New US President Mark Zuckerberg is about to visit to mark the 20 year anniversary of the establishment of Facebook's Irish operations. He will also sign a major series of agreements between the US and EU, underpinning a multilateral and consistent approach to corporate tax and, separately, the use of big data to enhance security by identifying and remediating areas of social deprivation which could give rise to the type of unrest which led to the epidemic of terrorism experienced in the west from 2018 to 2020.
Or, scenario two…
As Ireland assumes the EU presidency in July 2026, its sole task will be to oversee the final dissolution of the Union. In the UK, Prime Minister Farage has just announced legislation banning migration from Ireland and deporting those who arrived in the last three years, as the exodus from a depressed Ireland has resulted in a wave of anti-Irish sentiment in the UK, exacerbated by renewed violence from nationalist and unionist extremists from Northern Ireland.
In Ireland, there is some hope that President Pence will permit a larger than usual quota of Irish migrants to enter the US, anxious to take up manufacturing jobs in the rust belt and happy to pay the 15% special tax on remittances of income to foreign jurisdictions. Ireland's main employer, the National Interest Management Agency (NIMA) is considering a scheme to make the west of Ireland more profitable for farming by taking all the stones out of the fields to build roadside walls. However, it is likely that a series of strikes by the truck drivers employed by NIMA will frustrate this. Meanwhile in Dublin, the short-lived boom caused by the relocation of Russian companies to Ireland attracted by the special 1% tax rate has ended following a directive from President Putin that states such enterprises must now be established in the western Russian province formerly known as Ukraine.

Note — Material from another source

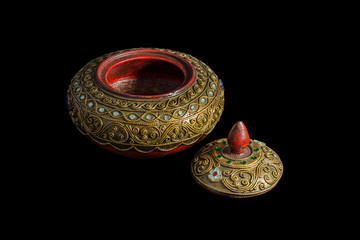 Casket wood craft decorated with a pattern adorned with beautifu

The wall around Afghanistan, Syria, Iraq and Iran is 60% complete. It remains to be seen whether the scheme of deducting the cost of building the wall from the permitted oil exports will be effective.
Conclusion
So which is it to be? As ever, the outcomes are determined by the choices made by people and politicians right now. Will short-term, narrow self-interest prevail over a medium-term, collective approach? We will see in 2026, but the direction will likely be set in 2017.
Declan Black is the Managing Partner of the law firm Mason Hayes & Curran. This piece was first published as the introduction to a series of articles by partners in the firm on what 2017 may bring in various legal disciplines.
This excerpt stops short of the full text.